After the three reporters reviewed court records, police reports, and newspaper articles, among other things, they found USA Gymnastics to have compiled “complaint dossiers on more than 50 coaches and filed them in a drawer in its executive office in Indianapolis.” After USA Gymnastics first received word of the allegations, those coaches proceeded to abuse “at least 14 underage gymnasts,” according to the report.

While testifying under oath in one court case, Steve Penny, the president of USA Gymnastics, and his predecessor, Robert Colarossi, acknowledged the organization rarely relayed abuse allegations to authorities. The executive office’s policy, Colarossi said, was to treat complaint “as ‘hearsay’ unless they were signed by a victim or victim’s parent,” according to the report.

In all 50 states, allegations of child abuse legally must be reported to authorities. USA Gymnastics, which is headquartered in Indiana, is subject to a state law that requires anyone—including coaches and organization officials—to report allegations of abuse. A legal expert told the Star that she believed USA Gymnastics violated Indiana state law by not reporting said allegations to police.

“There is no question that USAG is not interpreting the law of our state, but rather their own internal law and system,” she said.

Following the publication of the Star’s story Thursday, Penny responded with a statement on the USA Gymnastics website. It read in part:

“Contrary to the Indianapolis Star’s report, USA Gymnastics has not tried to cover-up these matters. Quite the opposite: We have cooperated with law enforcement at every turn and our investigations have never been filtered by coaching credentials. Our ability to share information publicly has been hindered by pending litigation on cases, one of which was included in the Star’s story, and while the media is not limited from identifying victims in these cases, USA Gymnastics has always strived to protect their identity.”

USA Gymnastics isn’t the only national youth-sports organization to deal with questionable handling of sexual-abuse allegations in recent years. In 2012, USA Swimming called for an emergency hearing after learning that the founder of the Washington, D.C.-based Curl-Burke Swim Club had been accused in 1989 of molesting a then-teenage swimmer. The organization implemented a background-check program in January 2011, requiring all coaches and officials to undergo a background check by the end of that calendar year even if they had already done so previously.

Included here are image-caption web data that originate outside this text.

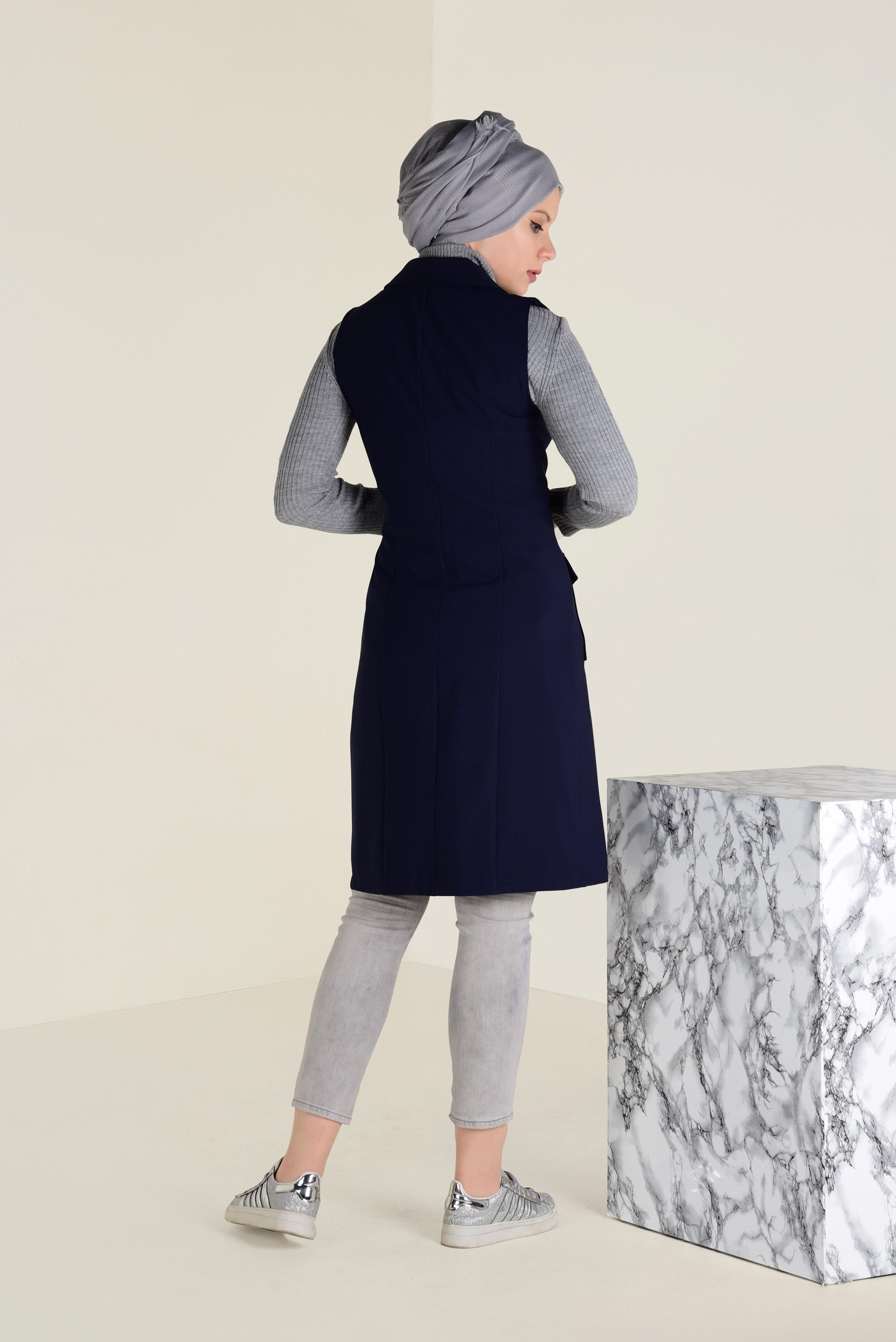 Tesettür giyim LACİVERT KEMERLİ KLASİK YELEK 4659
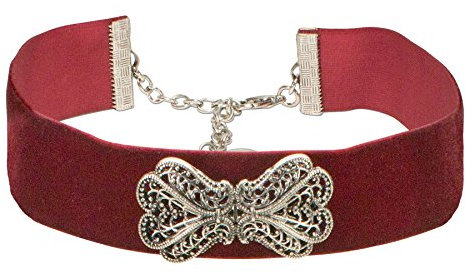 Alpenflüstern Trachten-Samt-Kropfband Ornament-Schleife - nostalgische Trachtenkette enganliegend, Kropfkette elastisch, eleganter Damen-Trachtenschmuck, Samtkropfband breit dunkel-rot DHK207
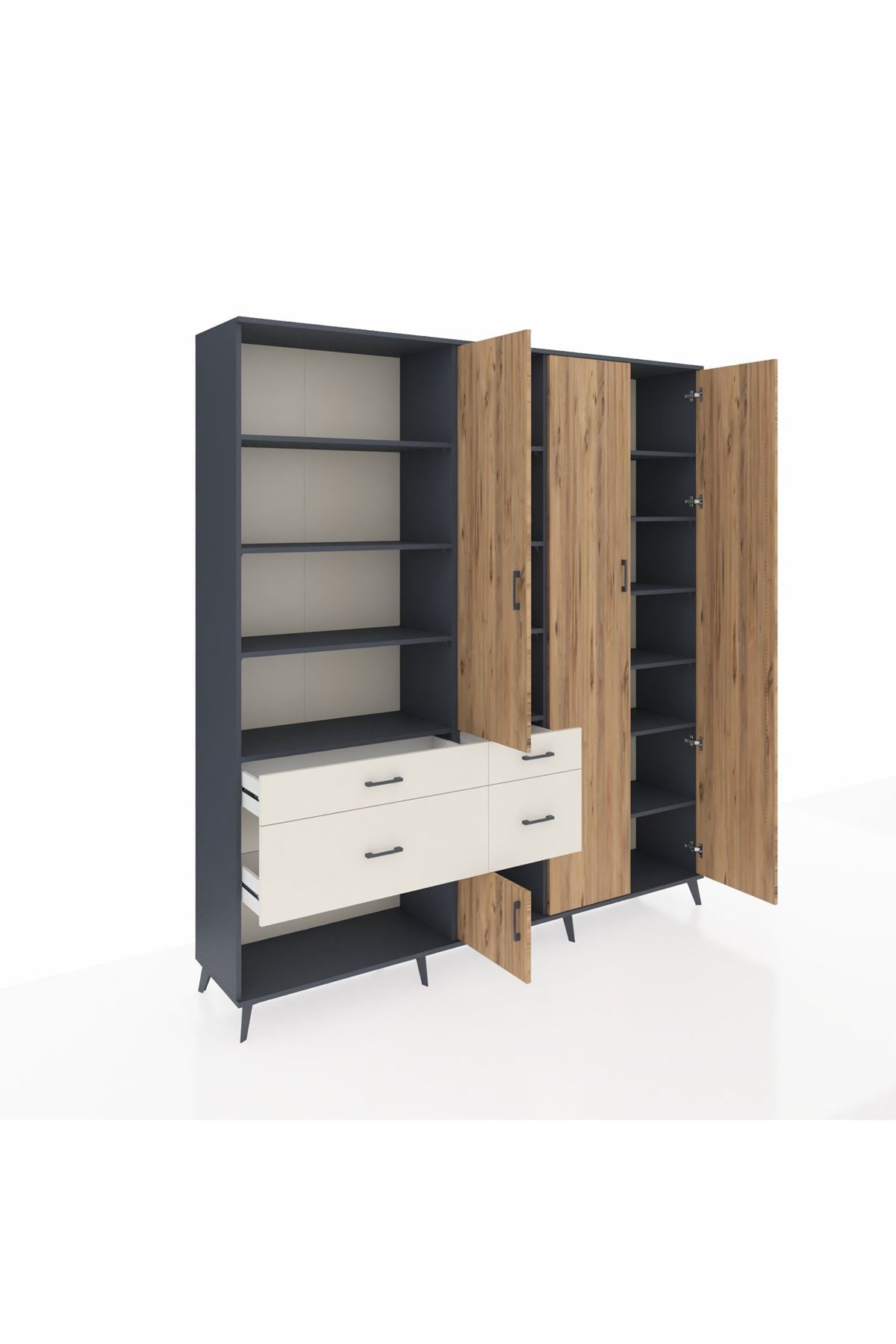 Hyperion Dolap 14 Raflı 4 Çekmeceli 4 Kapaklı 220x44x243 Antrasit-Çam/Aytaşı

In the summer of 2014, the CEO of USA Swimming offered a formal apology for not doing more to prevent sexual abuse by coaches.

As the details continue to emerge about USA Gymnastics, one thing is clear: Youth-sports organizations should not take allegations of sexual abuse lightly. While some states’ laws aren’t clear about whether organizations are legally responsible to report such allegations—according to the Star, USA Gymnastics has argued Florida’s law only applies to individuals—failing to report allegations to the proper authorities could have damning consequences down the line.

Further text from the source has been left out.